Torna "Correndo con le forbici in mano" capolavoro di Augusten Burroughs

Potrebbe essere l'occasione per la ristampa di tutta la sua straniante opera

Un adolescente orfano di una madre artistoide che tenta la via della poesia ma, avvilita dai continui rifiuti delle riviste americane più importanti, si consola con l'amica del cuore mentre il padre alcolizzato anche quando è presente è assente. Questa la situazione del ragazzino che racconta la propria storia in Correndo con le forbici in mano romanzo- memoir del 2002 di Augusten Burroughs che ha venduto un milione e mezzo di copie ed è stato per 100 settimane di seguito al primo posto dei libri del New York Times. Tradotto per la prima volta nel 2007 da Alet (casa editrice purtroppo fallita, che fece scoprire tanti scrittori, compreso il grandioso Denis Johnson), ripubblicato da Rizzoli nel 2008 (con introduzione di Walter Siti) torna ora nelle librerie per minimum fax (traduzione rivista di Giovanna Scocchera, pagg. 319, euro 17).

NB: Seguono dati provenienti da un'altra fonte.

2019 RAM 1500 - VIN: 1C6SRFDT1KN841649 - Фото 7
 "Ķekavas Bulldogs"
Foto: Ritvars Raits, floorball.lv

La speranza, di solito a minimum fax fanno questo, è che l'opera omnia di Burroughs venga (ri)pubblicata da Dry ,in cui parla della sua esperienza di alcolizzato a Sellevision (mai tradotto), il suo primo libro che è una satira senza tempo sulla televisione raccontata da un telespettatore. Con Correndo con le forbici in mano Burroughs ritrae un particolare momento culturale tra la fine degli anni '70 e l'inizio degli anni '80, quando la vanagloria dei babyboomers iniziava a portarli lontani da ogni etica.

«I miei genitori si detestavano a vicenda», annota lo scrittore in un libro che è a metà tra autobiografia e romanzo: racconta particolari così stranianti che nel lettore la domanda se sia finzione narrativa o realtà rimane sempre. Cresciuto nel Massachusetts fu allontanato dalla madre dichiarata maniaco-depressiva e dal padre finendo nella strana famiglia dello psichiatra di famiglia Dr. Finch, un uomo che era per un'educazione paterna che non comprendeva il giudizio.

Su insistenza della madre, Burroughs trascorse gran parte della sua adolescenza vivendo tra i Finch. Il ragazzino è innervosito da quella nuova famiglia tanto da ricordare quasi con affetto e ritraendo perfettamente le atmosfere degli anni '70 americani, raccontando di Lydia, l'amica-amante di sua madre che indossa tacchi alti e un bikini bianco, e siede vicino a lui nella sua piscina, «fumando sigarette al mentolo e parlando al suo telefono Princess verde oliva». Così a casa dello psichiatra Finch diventa intimo con le irascibili sorellastre Hope e Natalie, partecipando al loro abuso di sostanze e ai loro primi crimini, aiutandole a distruggere la fatiscente casa vittoriana dei Finches.

La pseudo-genitorialità del dottore incoraggiò la relazione sessuale del ragazzo con l'inquietante, manipolatore e molto più vecchio Neil Bookman. Quando il dottore insegnò a Burroughs a inscenare un tentativo di suicidio per evitare di andare a scuola, il nostro eroe cominciò a chiedersi se la vita con i Finch avrebbe dotato lui, o Hope, o Natalie di capacità di sopravvivenza tradizionali e, alla fine, abbastanza sorprendentemente, lo fece.

Burroughs delinea con forza i legami intricati e perversi tra questi eccentrici ad alta tensione e il suo io infantile, aspirando a una fusione comica grottesca di John Waters e David Sedaris. La scrittura, che può apparire poco curata è, in realtà, ispirata ai riferimenti alla cultura dei consumi televisivi: da Brooke Shields alla sit-com de La Famiglia Brady e alla serie di Friends.

Un libro che merita la lettura almeno come viatico ai prossimi libri di Burroughs, meno vicini a una commedia televisiva di questo memoir che ha fatto impazzire il mondo. Iniziando dal fratello e dalla madre che, visto il successo, hanno deciso di pubblicare in libro la loro versione, la vera storia di Correndo con le forbici in mano dimenticando che ai lettori ne basta una.